For memory.available signal, the eviction manager checks the pod’s memory usage and compares it with memory requests at pod level to determine the pod eviction order. It aggregates the container-level memory requests to calculate the effective pod-level memory request. When pod-level memory requests are specified, the Eviction Manager should use the pod-level request directly instead of aggregating container-level requests. This logic should be modified to check if pod-level requests are set. If so, use the pod-level request; otherwise, fall back to aggregating container requests.

Pod Overhead

Scheduling: The scheduler will consider the Pod Overhead in addition to pod-level resource requests (if specified) when selecting a node for the pod.
Cgroup Sizing: The kubelet will include the Pod Overhead in determining the size of the pod’s cgroup. This means the pod cgroup’s resource limits will be set to accommodate both pod-level requests and pod overhead.

Hugepages

With the proposed changes, support for hugepages(with prefix hugepages-*) will be extended to the pod-level resources specifications, alongside CPU and memory. The hugetlb cgroup for the pod will then directly reflect the pod-level hugepage limits, if specified, rather than using an aggregated value from container limits. When scheduling, the scheduler will consider hugepage requests at the pod level to find nodes with enough available resources.

Containers will still need to mount an emptyDir volume to access the huge page filesystem (typically /dev/hugepages). This is the standard way for containers to interact with huge pages, and this will not change.

[Scoped for Beta in 1.36] Fix for pod-level limits default Logic (Issue 136120)

The PodLevelResourcesFixUpdateDefaulting feature gate (Beta in 1.36) addresses a bug in current defaulting logic which only implements defaulting for Pod-level requests. However, per the Rows 10 and 12 of the resource matrix, if Pod-level limits are unset but all containers have limits defined, the Pod-level limits should be defaulted to the sum of the container limits. This fix implements the missing logic to ensure consistency between the KEP and the implementation.

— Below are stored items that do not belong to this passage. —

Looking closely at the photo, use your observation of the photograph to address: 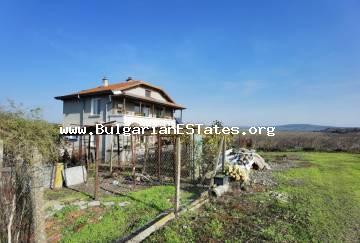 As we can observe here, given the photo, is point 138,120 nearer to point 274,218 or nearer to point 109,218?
point 109,218

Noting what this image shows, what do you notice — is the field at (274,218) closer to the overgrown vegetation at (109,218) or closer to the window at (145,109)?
the overgrown vegetation at (109,218)

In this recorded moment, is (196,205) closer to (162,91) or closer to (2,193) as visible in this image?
(2,193)

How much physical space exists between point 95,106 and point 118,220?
18426 millimetres

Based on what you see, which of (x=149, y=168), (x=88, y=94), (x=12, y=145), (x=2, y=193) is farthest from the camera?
(x=88, y=94)

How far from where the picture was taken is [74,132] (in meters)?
11.5

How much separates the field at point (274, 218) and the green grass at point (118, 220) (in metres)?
0.81

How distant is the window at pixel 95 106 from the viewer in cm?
2352

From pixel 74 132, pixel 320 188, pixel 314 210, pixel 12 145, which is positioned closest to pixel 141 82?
pixel 74 132

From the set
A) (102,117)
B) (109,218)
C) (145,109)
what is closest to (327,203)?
(109,218)

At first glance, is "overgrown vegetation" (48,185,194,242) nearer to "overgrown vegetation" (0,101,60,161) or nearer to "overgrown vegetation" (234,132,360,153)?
"overgrown vegetation" (0,101,60,161)

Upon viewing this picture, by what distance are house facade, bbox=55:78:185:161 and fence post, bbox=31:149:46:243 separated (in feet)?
50.4

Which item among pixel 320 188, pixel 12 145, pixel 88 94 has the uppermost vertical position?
pixel 88 94

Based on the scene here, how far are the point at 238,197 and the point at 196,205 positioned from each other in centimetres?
190

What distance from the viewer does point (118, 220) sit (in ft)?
21.7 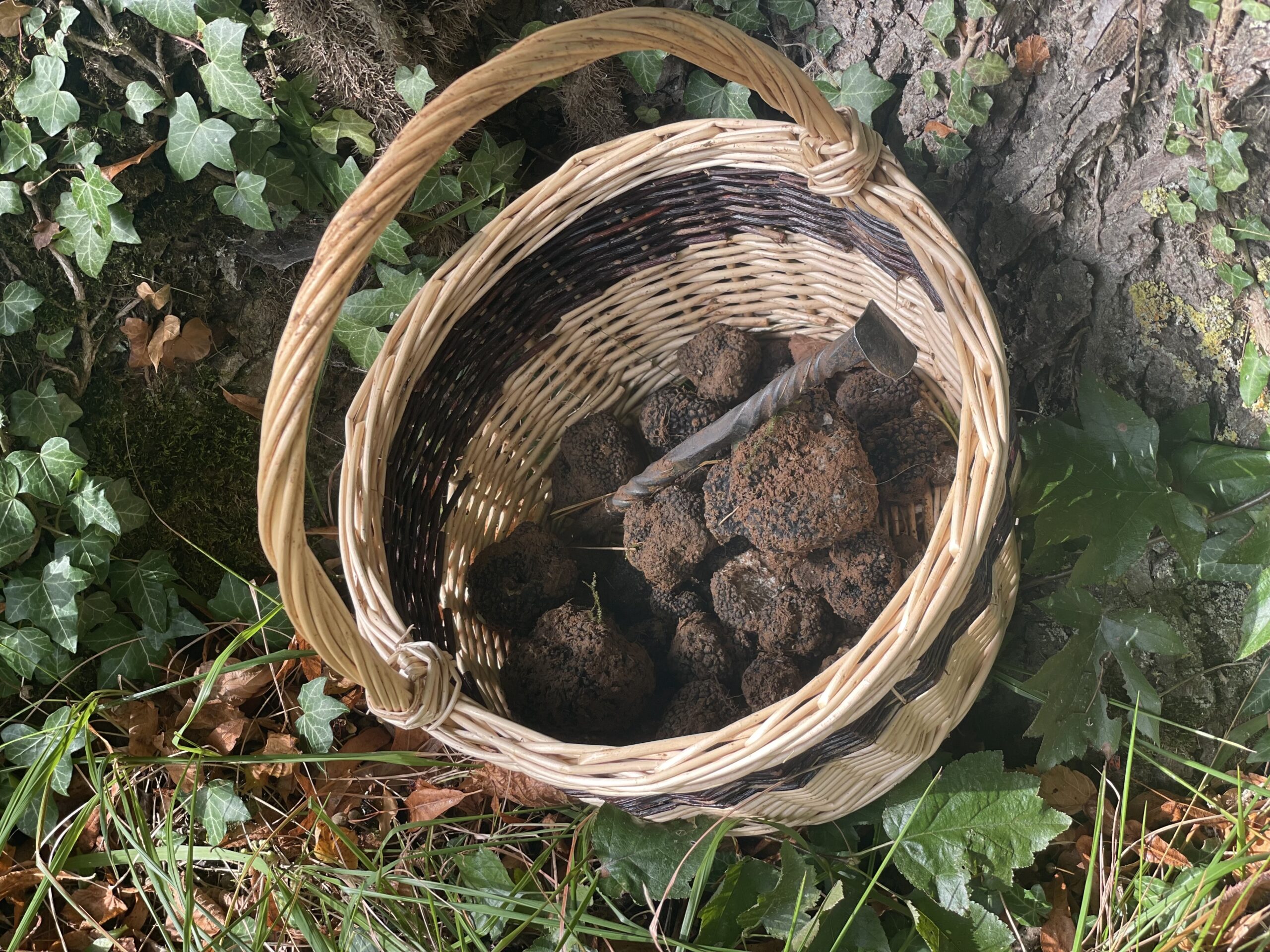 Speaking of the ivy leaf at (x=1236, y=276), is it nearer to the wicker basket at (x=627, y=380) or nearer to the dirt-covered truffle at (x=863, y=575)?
the wicker basket at (x=627, y=380)

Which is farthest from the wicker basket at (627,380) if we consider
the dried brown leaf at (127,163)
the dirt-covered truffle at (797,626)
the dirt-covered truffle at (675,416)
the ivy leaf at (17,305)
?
the ivy leaf at (17,305)

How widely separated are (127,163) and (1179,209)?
1.73 m

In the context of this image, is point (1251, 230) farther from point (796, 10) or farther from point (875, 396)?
A: point (796, 10)

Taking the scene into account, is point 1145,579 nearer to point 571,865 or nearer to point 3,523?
point 571,865

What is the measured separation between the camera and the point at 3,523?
61.3 inches

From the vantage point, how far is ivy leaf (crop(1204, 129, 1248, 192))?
3.93 ft

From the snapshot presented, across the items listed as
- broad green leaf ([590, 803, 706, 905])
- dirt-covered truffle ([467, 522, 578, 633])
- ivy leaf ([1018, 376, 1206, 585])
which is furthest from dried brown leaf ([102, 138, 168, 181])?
ivy leaf ([1018, 376, 1206, 585])

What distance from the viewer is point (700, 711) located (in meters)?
1.43

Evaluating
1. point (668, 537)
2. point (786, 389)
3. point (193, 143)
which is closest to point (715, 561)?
point (668, 537)

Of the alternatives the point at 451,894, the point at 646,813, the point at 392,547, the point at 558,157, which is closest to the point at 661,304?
the point at 558,157

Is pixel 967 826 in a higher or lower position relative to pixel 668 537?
lower

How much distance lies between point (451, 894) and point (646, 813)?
15.8 inches

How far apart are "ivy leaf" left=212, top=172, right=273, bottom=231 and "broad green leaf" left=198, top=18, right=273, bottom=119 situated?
108 mm

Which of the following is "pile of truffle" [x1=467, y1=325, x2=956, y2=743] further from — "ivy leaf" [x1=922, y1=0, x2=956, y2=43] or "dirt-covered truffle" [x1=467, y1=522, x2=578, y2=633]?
"ivy leaf" [x1=922, y1=0, x2=956, y2=43] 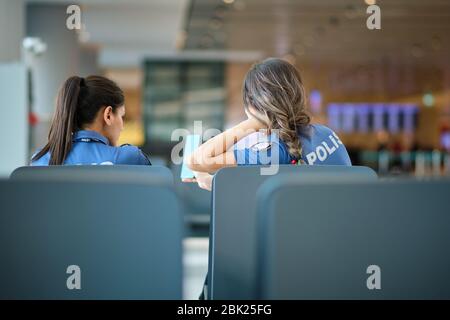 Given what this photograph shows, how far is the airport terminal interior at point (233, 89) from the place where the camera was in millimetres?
1354

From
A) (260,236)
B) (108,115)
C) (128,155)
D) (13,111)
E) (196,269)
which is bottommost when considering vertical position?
(196,269)

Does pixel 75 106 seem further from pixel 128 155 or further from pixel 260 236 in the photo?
pixel 260 236

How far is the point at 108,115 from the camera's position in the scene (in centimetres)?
233

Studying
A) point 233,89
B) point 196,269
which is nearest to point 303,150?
point 196,269

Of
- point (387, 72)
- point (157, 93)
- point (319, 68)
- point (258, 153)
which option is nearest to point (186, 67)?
point (157, 93)

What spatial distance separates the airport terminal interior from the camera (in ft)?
4.44

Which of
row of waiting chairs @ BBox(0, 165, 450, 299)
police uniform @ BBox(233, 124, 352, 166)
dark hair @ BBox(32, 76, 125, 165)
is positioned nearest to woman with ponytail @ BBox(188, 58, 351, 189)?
police uniform @ BBox(233, 124, 352, 166)

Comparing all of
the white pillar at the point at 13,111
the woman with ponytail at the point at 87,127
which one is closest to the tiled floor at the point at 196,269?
Answer: the woman with ponytail at the point at 87,127

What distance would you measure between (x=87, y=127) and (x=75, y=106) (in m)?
0.08

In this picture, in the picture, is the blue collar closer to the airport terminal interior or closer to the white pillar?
the airport terminal interior

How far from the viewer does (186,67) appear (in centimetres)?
1911

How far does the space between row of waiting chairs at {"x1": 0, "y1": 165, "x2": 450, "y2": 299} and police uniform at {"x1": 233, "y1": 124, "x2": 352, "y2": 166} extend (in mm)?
751

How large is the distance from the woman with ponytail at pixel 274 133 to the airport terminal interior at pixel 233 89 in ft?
0.64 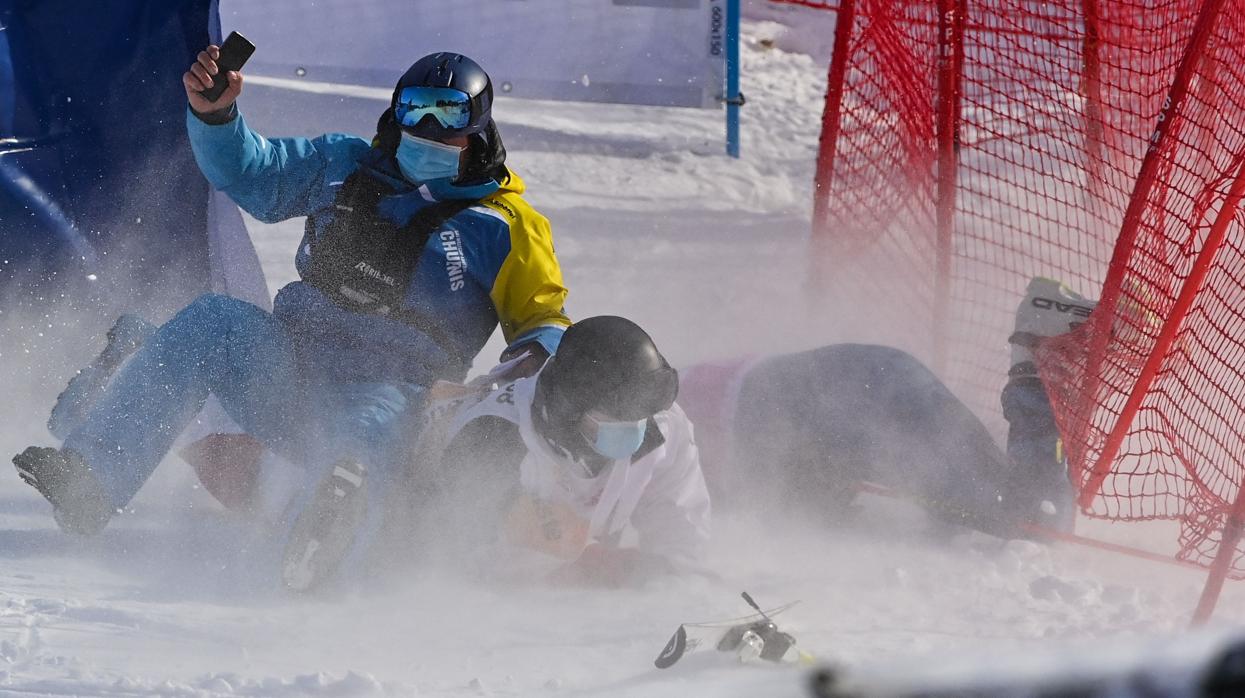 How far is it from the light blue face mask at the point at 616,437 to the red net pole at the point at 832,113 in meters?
2.45

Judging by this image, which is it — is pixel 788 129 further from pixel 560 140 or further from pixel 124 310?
pixel 124 310

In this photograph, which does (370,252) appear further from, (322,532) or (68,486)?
(68,486)

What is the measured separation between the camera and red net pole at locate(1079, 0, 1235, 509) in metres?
3.61

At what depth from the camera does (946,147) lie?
191 inches

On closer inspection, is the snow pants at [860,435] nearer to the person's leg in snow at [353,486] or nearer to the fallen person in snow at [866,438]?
the fallen person in snow at [866,438]

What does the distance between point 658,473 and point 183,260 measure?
1967 millimetres

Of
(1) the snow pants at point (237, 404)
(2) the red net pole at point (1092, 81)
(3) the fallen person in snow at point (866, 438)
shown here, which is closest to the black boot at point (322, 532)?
(1) the snow pants at point (237, 404)

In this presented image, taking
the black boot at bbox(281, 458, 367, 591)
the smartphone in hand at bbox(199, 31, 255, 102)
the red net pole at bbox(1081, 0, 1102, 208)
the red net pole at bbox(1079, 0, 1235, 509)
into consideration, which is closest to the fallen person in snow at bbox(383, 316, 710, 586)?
the black boot at bbox(281, 458, 367, 591)

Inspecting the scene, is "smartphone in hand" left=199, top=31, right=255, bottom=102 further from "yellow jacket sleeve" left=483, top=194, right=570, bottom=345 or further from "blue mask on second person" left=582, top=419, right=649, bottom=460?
"blue mask on second person" left=582, top=419, right=649, bottom=460

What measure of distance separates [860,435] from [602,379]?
47.9 inches

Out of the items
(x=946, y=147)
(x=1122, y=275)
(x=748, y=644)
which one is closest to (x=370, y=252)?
(x=748, y=644)

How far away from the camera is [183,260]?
440 centimetres

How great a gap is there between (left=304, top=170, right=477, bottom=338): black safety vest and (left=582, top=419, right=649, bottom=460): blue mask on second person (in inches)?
32.3

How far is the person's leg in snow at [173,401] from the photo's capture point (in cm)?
302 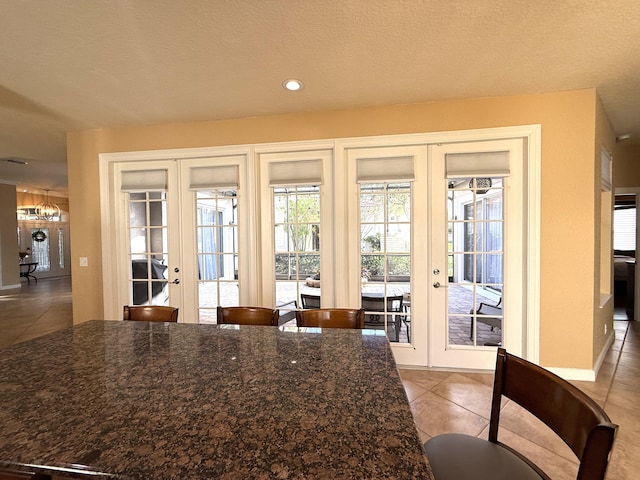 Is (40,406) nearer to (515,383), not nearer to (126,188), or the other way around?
(515,383)

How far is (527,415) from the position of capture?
2.09 m

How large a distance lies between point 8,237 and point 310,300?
8.63m

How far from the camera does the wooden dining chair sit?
2.67 feet

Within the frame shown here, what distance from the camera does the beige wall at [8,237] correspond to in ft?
23.3

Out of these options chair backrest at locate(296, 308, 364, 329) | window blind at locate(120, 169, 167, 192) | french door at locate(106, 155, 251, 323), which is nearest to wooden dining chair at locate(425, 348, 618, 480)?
chair backrest at locate(296, 308, 364, 329)

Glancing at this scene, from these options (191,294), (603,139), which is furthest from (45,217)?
(603,139)

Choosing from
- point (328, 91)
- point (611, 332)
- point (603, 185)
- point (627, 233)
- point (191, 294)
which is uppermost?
point (328, 91)

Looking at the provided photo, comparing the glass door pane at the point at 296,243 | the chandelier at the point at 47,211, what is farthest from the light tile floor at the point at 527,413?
the chandelier at the point at 47,211

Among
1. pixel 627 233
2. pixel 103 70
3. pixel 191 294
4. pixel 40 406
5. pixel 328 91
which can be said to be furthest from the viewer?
pixel 627 233

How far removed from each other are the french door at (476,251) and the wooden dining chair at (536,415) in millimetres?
1717

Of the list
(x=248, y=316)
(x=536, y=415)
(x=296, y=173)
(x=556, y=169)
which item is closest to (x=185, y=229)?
(x=296, y=173)

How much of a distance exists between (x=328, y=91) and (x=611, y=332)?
4.18 m

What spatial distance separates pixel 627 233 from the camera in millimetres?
6355

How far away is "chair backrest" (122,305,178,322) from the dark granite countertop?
1.76ft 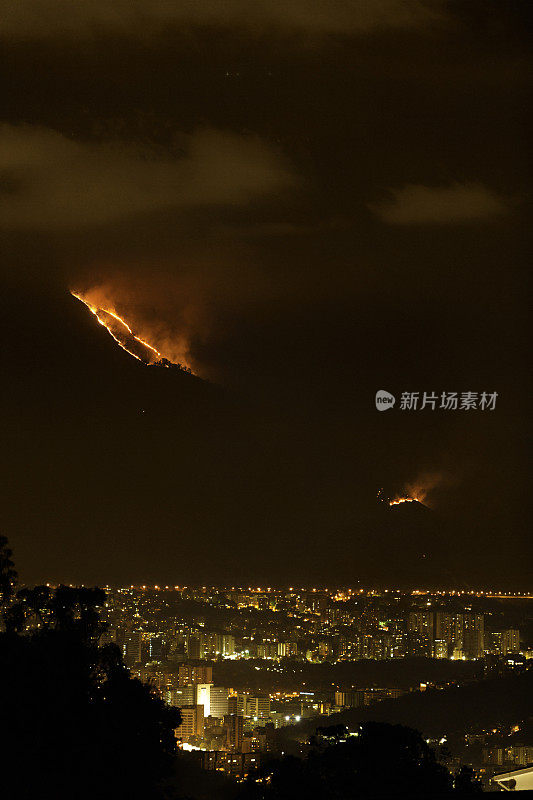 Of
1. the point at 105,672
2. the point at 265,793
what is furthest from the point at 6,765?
the point at 265,793

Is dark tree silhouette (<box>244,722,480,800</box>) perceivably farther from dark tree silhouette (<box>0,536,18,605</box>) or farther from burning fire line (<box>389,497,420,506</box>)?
burning fire line (<box>389,497,420,506</box>)

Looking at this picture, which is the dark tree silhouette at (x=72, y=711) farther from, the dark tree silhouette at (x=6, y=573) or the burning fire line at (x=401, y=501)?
the burning fire line at (x=401, y=501)

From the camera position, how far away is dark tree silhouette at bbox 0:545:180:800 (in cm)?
427

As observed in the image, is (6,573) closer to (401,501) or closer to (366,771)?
(366,771)

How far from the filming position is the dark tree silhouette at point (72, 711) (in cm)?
427

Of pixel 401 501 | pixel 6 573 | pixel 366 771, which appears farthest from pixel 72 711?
pixel 401 501

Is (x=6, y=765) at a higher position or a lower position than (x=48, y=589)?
lower

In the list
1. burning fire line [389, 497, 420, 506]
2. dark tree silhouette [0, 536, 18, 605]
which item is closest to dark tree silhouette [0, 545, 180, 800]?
dark tree silhouette [0, 536, 18, 605]

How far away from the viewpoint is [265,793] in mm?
4836

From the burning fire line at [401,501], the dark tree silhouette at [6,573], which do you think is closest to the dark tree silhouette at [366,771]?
the dark tree silhouette at [6,573]

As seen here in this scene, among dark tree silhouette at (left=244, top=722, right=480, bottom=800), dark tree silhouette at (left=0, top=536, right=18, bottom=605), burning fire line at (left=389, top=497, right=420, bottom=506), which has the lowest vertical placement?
dark tree silhouette at (left=244, top=722, right=480, bottom=800)

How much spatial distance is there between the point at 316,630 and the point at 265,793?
5.22 meters

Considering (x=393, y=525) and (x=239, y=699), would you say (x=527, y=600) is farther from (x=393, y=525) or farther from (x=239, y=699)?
(x=239, y=699)

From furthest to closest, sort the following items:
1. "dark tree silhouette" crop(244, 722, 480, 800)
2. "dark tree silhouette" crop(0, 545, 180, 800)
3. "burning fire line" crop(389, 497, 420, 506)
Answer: "burning fire line" crop(389, 497, 420, 506) → "dark tree silhouette" crop(244, 722, 480, 800) → "dark tree silhouette" crop(0, 545, 180, 800) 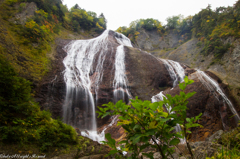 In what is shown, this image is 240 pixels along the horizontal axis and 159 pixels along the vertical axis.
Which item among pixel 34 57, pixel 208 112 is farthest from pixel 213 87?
pixel 34 57

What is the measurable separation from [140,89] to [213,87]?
665cm

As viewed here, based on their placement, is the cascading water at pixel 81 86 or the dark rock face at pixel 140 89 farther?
the cascading water at pixel 81 86

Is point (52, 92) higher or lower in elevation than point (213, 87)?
higher

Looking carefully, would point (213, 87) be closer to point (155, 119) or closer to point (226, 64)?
point (226, 64)

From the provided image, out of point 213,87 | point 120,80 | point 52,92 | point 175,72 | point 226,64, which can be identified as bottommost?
point 213,87

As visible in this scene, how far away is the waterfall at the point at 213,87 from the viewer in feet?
30.9

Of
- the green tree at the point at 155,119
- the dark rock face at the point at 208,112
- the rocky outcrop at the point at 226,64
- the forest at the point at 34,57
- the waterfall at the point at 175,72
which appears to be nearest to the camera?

Note: PodLevelResourcesFixUpdateDefaulting feature gate is introduced in Beta stage in 1.36 and is enabled by default. It is not recommended to disable this feature gate. Turning it off creates a discrepancy between the expected resource model and the actual defaulting behavior.

[Scoped for Beta in 1.36] Fix for Kubelet QoS Class Determination (Issue 135082)

The PodLevelResourcesFixKubeletQOSClass feature gate (Beta in 1.36) addresses a bug where ComputePodQOS incorrectly handles the distinction between nil and empty Pod Level Resources (PLRs). While most of the codebase correctly differentiates between them to determine if a pod has opted into pod-level resources, ComputePodQOS fails to do so consistently. This can lead to situations where a pod with container-level resources is misclassified as BestEffort because its (absent) pod-level resources are incorrectly interpreted. This fix ensures that pods are assigned the correct QoS class, maintaining expected eviction and scheduling priority behavior.

Note: PodLevelResourcesFixKubeletQOSClass feature gate is introduced in Beta stage in 1.36 and is enabled by default. Disabling this feature is strongly discouraged, as it reverts the system to a state where resource-heavy pods may be erroneously targeted for eviction.

[Scoped for Beta] Cluster Autoscaler

Cluster Autoscaler won’t work as expected with pod-level resources in alpha since it relies on container-level values to be specified. If a user specifies only pod-level resources, the CA will assume that the pod requires no resources since container-level values are not set. As a result, the CA won’t scale the number of nodes to accommodate this pod. Meanwhile, the scheduler will evaluate the pod-level resource requests but may be unable to find a suitable node to fit the pod. Consequently, the pod will not be scheduled. While this behavior is acceptable for the alpha implementation, it is anticipated that Cluster Autoscaler support will be addressed in the Beta phase with pod resource requirements surfaced in a helper library/function that autoscalers can use to make autoscaling decisions.

[Scoped for Beta] HPA

For accurate scaling decisions, HPA needs to be able to correctly calculate the resources requested by a pod, regardless of whether those requests are defined at the pod or container level. Currently, HPA calculates pod requests by simply aggregating the requests of all containers within a pod. To address this, HPA should leverage the helper method found at https://github.com/kubernetes/kubernetes/blob/988cf21f0975cf95444a619481c13d2503d8ec6a/staging/src/k8s.io/component-helpers/resource/helpers.go for more precise pod request computations. The changes are being worked on by sig-autoscaling: (#132237)[https://github.com/kubernetes/kubernetes/issues/132237]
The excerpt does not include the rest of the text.